Among them are avid readers, a couple athletes, a few honor students, a military tank driver, some with musical talent, a capable young outdoorsman, one who aspires to own a flower shop, one who likes construction, a young man who likes art, a barrel racer, a couple who are rising to special challenges, two health care workers and the youngest, a brand-new preschooler. They come in all beautiful shades of color, hair styles and fashion tastes. Now it is my turn, as my own grandparents before me, to be provide a safe, encouraging place for them.
However, it also is in my own best health interests – and yours – to be an active grandparent. Studies have shown that seniors who are purposeful in regularly engaging their grandchildren can reap cognitive, social, emotional and physical benefits from their time spent together. For example, a 2016 Boston University study found that when grandparents spend a day a week caring for their grandchildren or interacting at some level with them, both adults and children are less likely to struggle with the crippling symptoms of depression.
This makes sense when you consider that pre-pandemic, the PEW Research Center found that 17% of seniors over 65 felt lonely and isolated and 10% felt unneeded and burdensome. COVID-19 has certainly pushed those percentages much higher. However, regular positive interaction with grandchildren gives purpose and responsibility and can reduce those negative, energy-draining emotions. Grandparents can enjoy improved self-esteem through feelings of belonging and contributing to the family in their own unique way.
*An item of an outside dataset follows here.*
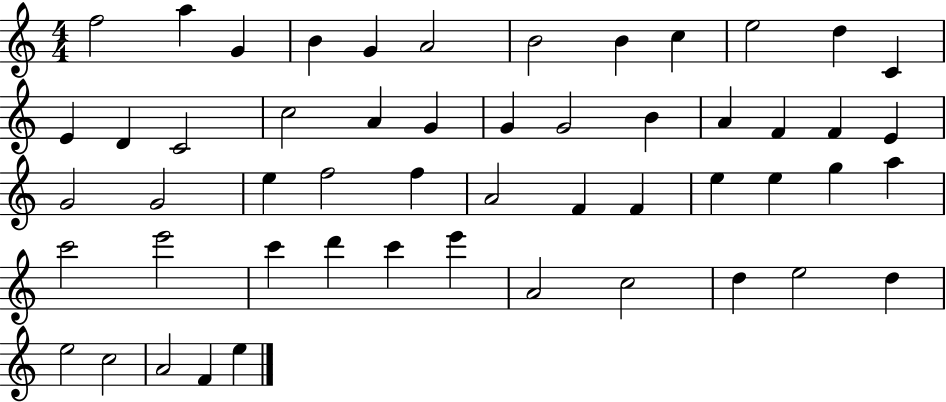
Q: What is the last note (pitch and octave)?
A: E5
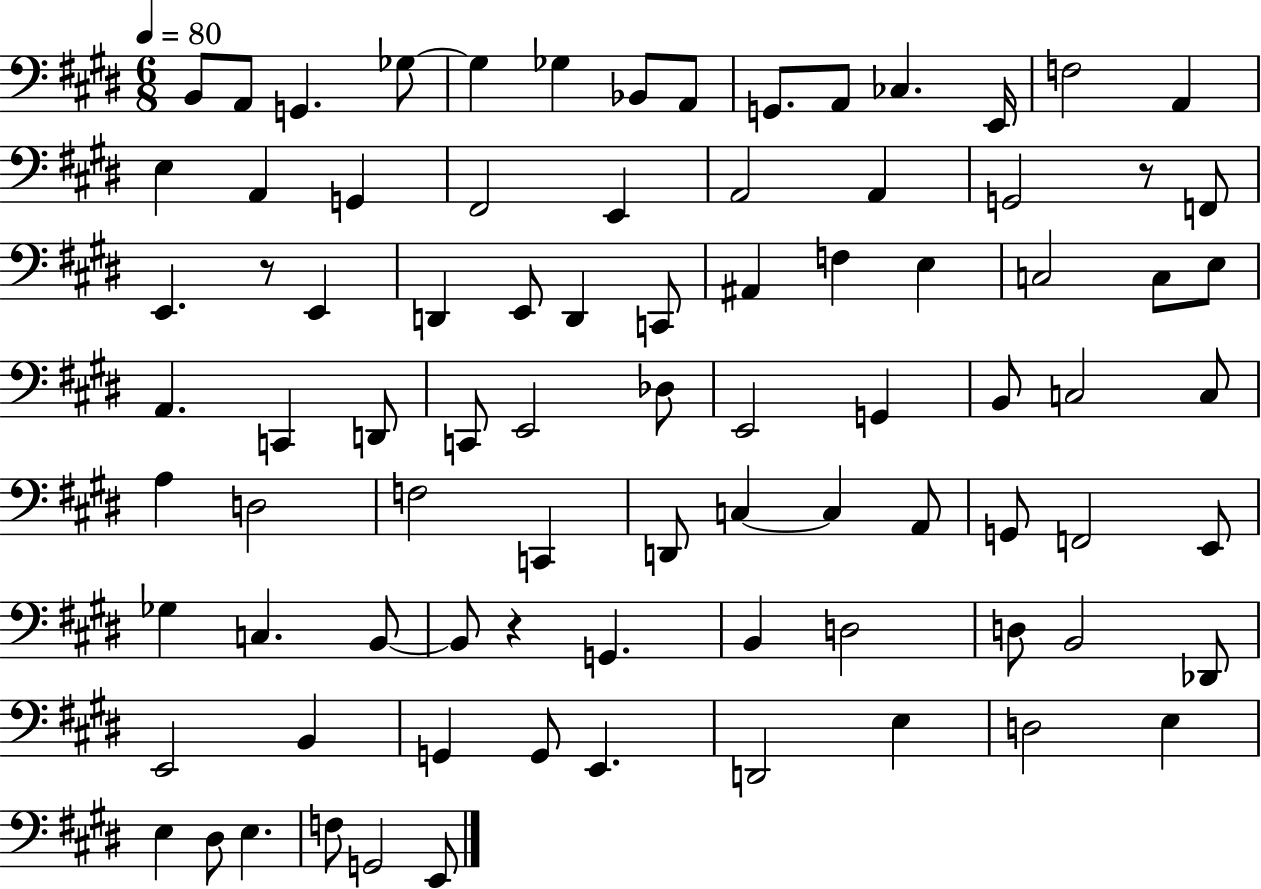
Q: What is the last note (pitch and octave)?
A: E2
Also, seniors who interact with their grandkids regularly are more motivated to take care of themselves, to eat better, to take their medications and to exercise because they want to be around to watch these youngsters grow up. Maintaining or improving one’s health becomes more significant when relationships with young children are in the equation.
Anyone with young grandchildren knows they love climbing on you and all over you, kissing you, holding your hand, rubbing your arm, hugging your neck and cuddling with you as much as they can. According to Walter Nieri, M.D., a geriatrician at Banner Sun Health Research Institute in Sun City, Arizona, “A kiss or holding hands gives a sense of calmness, peacefulness and security if you’re under stress.” Furthermore, scientists at the University of Virginia have discovered that these various forms of positive touching decrease inflammatory cells and increase white blood cells, thus improving the body’s natural immunity. We can never underestimate the importance of human touch, and children are extremely generous in this department.
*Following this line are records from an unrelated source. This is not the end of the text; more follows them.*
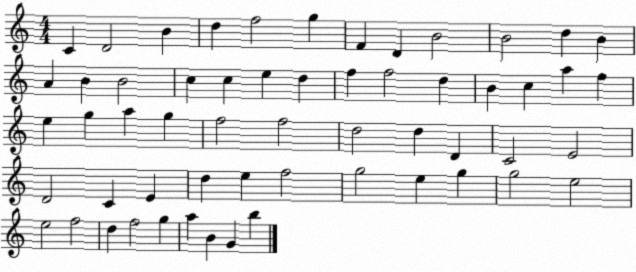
X:1
T:Untitled
M:4/4
L:1/4
K:C
C D2 B d f2 g F D B2 B2 d B A B B2 c c e d f f2 d B c a f e g a g f2 f2 d2 d D C2 E2 D2 C E d e f2 g2 e g g2 e2 e2 f2 d f2 g a B G b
Keeping up with your grandkids’ actions and interests usually requires quick thinking and some mental dexterity. Learn to play new games, try new activities and stay up on current cultural trends. A friend of mine once asked his adult children and grandkids whether they would rather he left them money or memories. Unanimously, they voted for memories, so he bought some timeshare points to schedule family getaways throughout the year. These vacation times have become a refreshing oasis where family bonds are strengthened, and precious memories are made.
If, as is so often the case, your grandchildren do not live nearby, master Facebook and other forms of social media. Learn how to “Facetime.” Get their phone numbers – they all have cellphones these days – and actually call or text them. Write them letters – you might want to print because many are no longer taught cursive. Have lots of pictures taken that can be displayed in their homes to keep you present in their lives. And visit! As you are busy pouring into your grandchildren’s lives, you will also be reaping the healthy rewards that come with being an active senior.
If you don’t have grandchildren, just look around. Visit the local elementary school or ask your pastor for recommendations. Every community has young children who would benefit from an “adopted grandparent” or mentor. Do it for them but also for yourself – your better health will thank you.